-- Source data follows --
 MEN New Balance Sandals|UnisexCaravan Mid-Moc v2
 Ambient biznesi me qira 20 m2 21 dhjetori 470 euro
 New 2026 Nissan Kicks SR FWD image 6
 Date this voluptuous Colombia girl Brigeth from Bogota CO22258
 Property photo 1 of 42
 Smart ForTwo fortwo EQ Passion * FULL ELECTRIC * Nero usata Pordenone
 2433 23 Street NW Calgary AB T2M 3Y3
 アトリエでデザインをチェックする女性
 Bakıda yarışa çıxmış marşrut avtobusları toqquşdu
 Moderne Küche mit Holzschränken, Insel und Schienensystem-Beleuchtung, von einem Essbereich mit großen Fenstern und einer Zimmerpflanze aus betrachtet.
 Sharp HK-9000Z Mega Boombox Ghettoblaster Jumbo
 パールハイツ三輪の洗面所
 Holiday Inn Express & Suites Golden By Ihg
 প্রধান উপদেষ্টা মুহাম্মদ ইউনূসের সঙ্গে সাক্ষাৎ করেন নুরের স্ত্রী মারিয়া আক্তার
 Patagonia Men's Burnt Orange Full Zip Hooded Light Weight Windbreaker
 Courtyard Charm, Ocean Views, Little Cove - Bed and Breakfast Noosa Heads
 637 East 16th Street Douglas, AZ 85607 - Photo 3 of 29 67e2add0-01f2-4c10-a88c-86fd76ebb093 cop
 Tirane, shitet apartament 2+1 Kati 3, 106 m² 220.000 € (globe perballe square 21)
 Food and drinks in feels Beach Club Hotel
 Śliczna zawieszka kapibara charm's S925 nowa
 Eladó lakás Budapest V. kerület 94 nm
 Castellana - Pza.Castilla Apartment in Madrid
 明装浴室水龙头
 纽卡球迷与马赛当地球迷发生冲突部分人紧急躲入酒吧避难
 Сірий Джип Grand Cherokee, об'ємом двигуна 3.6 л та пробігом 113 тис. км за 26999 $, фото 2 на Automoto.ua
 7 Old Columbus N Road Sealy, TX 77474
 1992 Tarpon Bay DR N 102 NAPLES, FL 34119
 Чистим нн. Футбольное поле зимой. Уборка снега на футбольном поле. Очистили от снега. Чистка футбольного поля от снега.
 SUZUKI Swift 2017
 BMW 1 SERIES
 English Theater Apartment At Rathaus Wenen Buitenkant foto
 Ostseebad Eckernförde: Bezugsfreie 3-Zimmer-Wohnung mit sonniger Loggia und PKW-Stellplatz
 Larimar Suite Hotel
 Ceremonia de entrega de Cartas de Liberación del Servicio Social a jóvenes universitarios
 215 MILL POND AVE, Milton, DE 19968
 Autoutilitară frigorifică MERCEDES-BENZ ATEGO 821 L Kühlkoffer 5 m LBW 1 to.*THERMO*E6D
-- Source data concluded --
Starting with the line that contains "215 MILL POND AVE, Milton, DE 19968", restate every line up to and including the last one above, exactly.

Solution below ->
 215 MILL POND AVE, Milton, DE 19968
 Autoutilitară frigorifică MERCEDES-BENZ ATEGO 821 L Kühlkoffer 5 m LBW 1 to.*THERMO*E6D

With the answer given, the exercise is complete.